FOCUS QUESTION: What were the main events in the Cold War between 1965 and 1985, and how important was the role of détente in those events?

The Cuban Missile Crisis led to the lessening of tensions between the United States and the Soviet Union. But within another year the United States had been drawn into a new confrontation that had an important impact on the Cold War-the Second Vietnam War.

The Second Vietnam War

After Vietnamese forces had defeated their French colonial masters in 1954, Vietnam had been divided. A strongly nationalistic regime in the north under Ho Chi Minh received Soviet aid, while American sponsors worked to establish a pro-Western regime in South Vietnam. President John F. Kennedy maintained Eisenhower’s policy of providing military and financial aid to the regime of Ngo Dinh Diem (NGOH din DEE-em) (1901-1963), the autocratic ruler of South Vietnam. But the Kennedy administration grew increasingly disenchanted with the Diem regime, which was corrupt and seemed incapable of gaining support from the people. From the American point of view, this lack of support simply undermined the ability of the South Vietnamese government to deal with the Vietcong, the South Vietnamese Communist guerrillas backed by the North Vietnamese. In November 1963, the U.S. government supported a military coup that overthrew the Diem regime.

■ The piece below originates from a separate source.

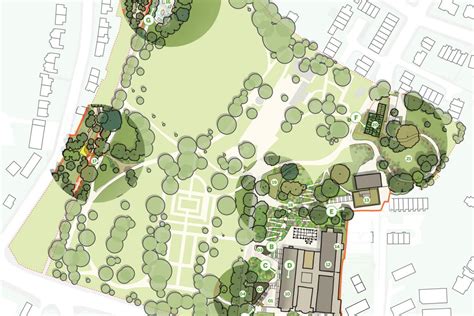 A Future Framework For The Horniman Horniman Museum And Gardens
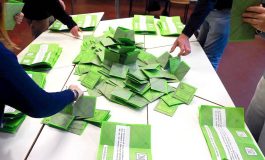 Referendum giustizia le grandi citta trascinano il No la mappa del voto 265x160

The new military government seemed even less able to govern the country, and by early 1965, the Vietcong, their ranks now swelled by military units infiltrating from North Vietnam, were on the verge of seizing control of the entire country. In desperation, President Lyndon Johnson decided to launch bombing raids on the north and send U.S. combat troops to South Vietnam to prevent a total defeat of the anti-Communist government in Saigon and keep the Communist regime of the north from uniting the entire country under its control. Although nationalism played a powerful role in this conflict, American policy makers saw it in terms of a domino theory concerning the spread of communism. If the Communists succeeded in Vietnam, so the argument went, all the other countries in Asia freeing themselves from colonial domination would fall, like dominoes, to communism.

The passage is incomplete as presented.